Director: Adam Levins
Writers: Simon Fantauzzo, William Borthwick
Stars: Amy Manson, Craig Conway, James Cosmo

There’s something of a history of British films about aristocratic families stuck in their country piles and descending into insanity while their opportunistic employees look on. The yardstick, of course, was Sir Henry at Rawlinson End, a bonkers comedy written by Vivian Stanshall about the titular eccentric peer and his phantom brother, while in more recent years the standout film of the type has probably been Simon Rumley’s The Living and the Dead, a rather darker affair. Adam Levins’ Estranged follows in this tradition, having many similarities in particular to Andrew Sinclair’s Blueblood, the 1974 film in which butler Oliver Reed takes over the possessions and position of his weak-willed master Derek Jacobi.

Estranged
Estranged

Following a motorcycling accident while travelling in South America, the badly injured January (Amy Manson) returns to her family home – an enormous estate in the middle of nowhere – with her boyfriend Callum (Simon Quarterman). As well as extensive damage to her legs, which requires a lengthy period of rehabilitation, January is also suffering from a convenient type of brain damage which causes memory loss; as a result she is unable to recognize her father (James Comso), siblings (James Lance, Nora-Jane Noone) and mother (Eileen Nicholas), let alone feel any kinship with them.

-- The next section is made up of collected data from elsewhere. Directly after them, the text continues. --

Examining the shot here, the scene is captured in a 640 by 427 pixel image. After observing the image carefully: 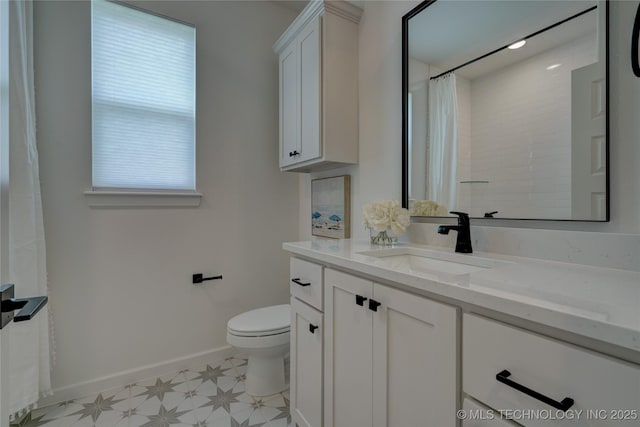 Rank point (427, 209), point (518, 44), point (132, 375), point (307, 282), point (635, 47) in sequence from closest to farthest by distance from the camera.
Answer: point (635, 47)
point (518, 44)
point (307, 282)
point (427, 209)
point (132, 375)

They, in turn, are particularly hostile to Callum, who they blame for the accident and who annoys them further by probing into the circumstances in which January left to go travelling in the first place. It rapidly becomes clear that not everything is as it seems and that her family aren’t just eccentric, they’re dangerous…

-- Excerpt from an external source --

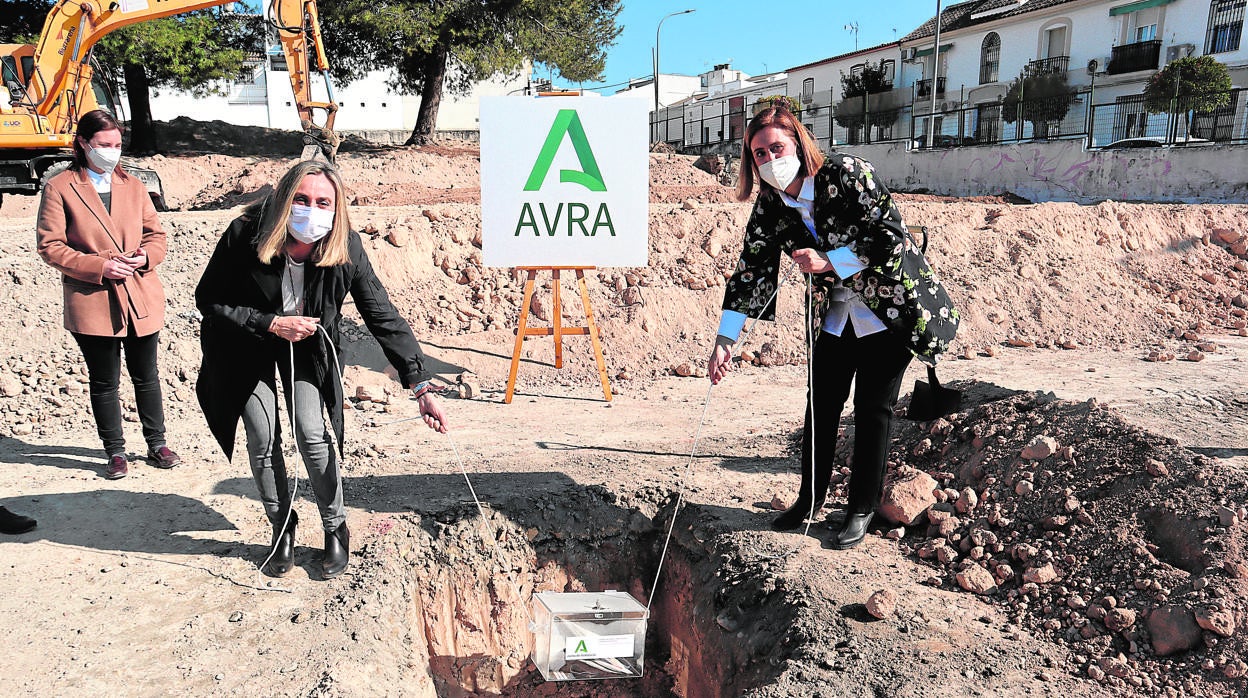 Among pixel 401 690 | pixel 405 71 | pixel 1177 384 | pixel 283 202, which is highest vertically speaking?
pixel 405 71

Although heavily reliant on the unlikely and the illogical, Estranged is a rather enjoyable little film, superior to most low budget British horror movies thanks to the winning performances and compact approach. Manson makes for a likable lead whose life goes rapidly down the pan as the running time progresses, Cosmo is his usual lurking presence, while Lance and Noone contribute arch, stylised performances. The characters are peculiar rather than believable and the twist is hardly surprising – or the bits of the twist that make any kind of sense, that is. None of this matters too much because the pace is maintained, the mood well-judged and the story is idiosyncratic enough to maintain the attention, even as the events depicted become increasingly grotesque and graphic. Not at all bad.